Oura’s largest hardware launch will be accompanied by a campaign that surpasses previous efforts in terms of spend and media channels and focuses on the channels where the brand sees the best return on investment. Ads will run on TV and during live sports programming via “Thursday Night Football” on Prime Video. The brand already sees “huge engagement” with young demographics on live sports, Sweeny said.

The campaign also includes digital out-of-home ads in New York, Los Angeles, London, Helsinki and Berlin, with a particular focus on TikTok (where the brand has activated before around women’s health) and, for the first time, Snapchat, with a virtual try-on lens.

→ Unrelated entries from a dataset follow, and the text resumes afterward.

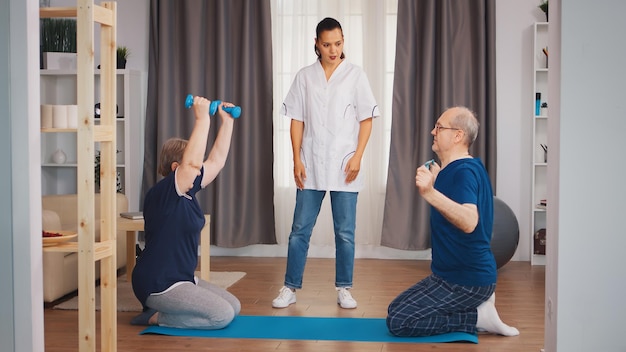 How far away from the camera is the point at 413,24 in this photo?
20.2ft

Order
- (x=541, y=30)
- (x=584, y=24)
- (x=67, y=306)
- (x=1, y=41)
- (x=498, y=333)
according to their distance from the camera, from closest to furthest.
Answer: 1. (x=584, y=24)
2. (x=1, y=41)
3. (x=498, y=333)
4. (x=67, y=306)
5. (x=541, y=30)

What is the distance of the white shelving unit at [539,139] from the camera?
605 centimetres

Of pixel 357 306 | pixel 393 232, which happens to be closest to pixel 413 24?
pixel 393 232

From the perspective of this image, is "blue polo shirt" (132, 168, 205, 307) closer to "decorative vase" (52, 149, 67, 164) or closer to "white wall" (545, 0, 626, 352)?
"white wall" (545, 0, 626, 352)

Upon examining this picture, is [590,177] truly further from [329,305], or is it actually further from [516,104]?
[516,104]

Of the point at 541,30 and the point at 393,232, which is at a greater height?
the point at 541,30

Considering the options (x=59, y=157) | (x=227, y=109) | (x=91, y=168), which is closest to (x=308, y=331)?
(x=227, y=109)

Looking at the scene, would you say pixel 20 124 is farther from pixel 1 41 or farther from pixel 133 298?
pixel 133 298

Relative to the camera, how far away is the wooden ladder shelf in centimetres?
314

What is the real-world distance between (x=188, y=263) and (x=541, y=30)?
327cm

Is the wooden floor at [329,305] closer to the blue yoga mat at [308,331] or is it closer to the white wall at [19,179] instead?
the blue yoga mat at [308,331]

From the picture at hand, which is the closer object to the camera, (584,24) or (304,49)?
(584,24)

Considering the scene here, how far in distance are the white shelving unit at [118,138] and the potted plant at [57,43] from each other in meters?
0.08

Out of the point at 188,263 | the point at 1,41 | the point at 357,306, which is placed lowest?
the point at 357,306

“This is a broader approach to both TikTok and Snapchat, and we prioritize those given the younger audiences, specifically,” the exec said. “It's as much about awareness as getting this in front of people and showing the breadth of the four colors.”
Ringing true
To raise awareness, the campaign includes a 30-second, design-focused video called “Ring True To You” that intercuts glossy product shots with stylish consumers working on secret handshakes, engaging in nighttime rituals and exploring art museums, among other activities (several of which are featured in their own vignette videos). Agency Buck worked on the video spots.
Oura this year launched a “Give Us The Finger” campaign that portrayed an aspirational vision of health and vision, instead of leaning into the anxiety around aging shared by many Gen Z and millennial consumers. The new effort has a similar lifestyle focus, but the insights about its target audience were more intuitive than data-driven.
“We're not doing a ton of quantitative research on these things. It's as much about design expression and internal conversations about who we think it's appealing to that gave us confidence in it,” Sweeny said.
Despite ongoing macroeconomic turmoil, Oura has yet to feel the affect on sales, perhaps because it’s a high-end tech product and still relatively new on the market. The new campaign, which will continue to run in 2026, and partnerships around the globe with key retailers including Target, Best Buy and John Lewis, look to expand the brand’s awareness while delivering a health-based message that is at the core of its value proposition.
“Health is wealth,” Sweeny said. “What people are spending on an Oura ring, and what it's able to to do for them from a health standpoint… people are willing to spend money on that.”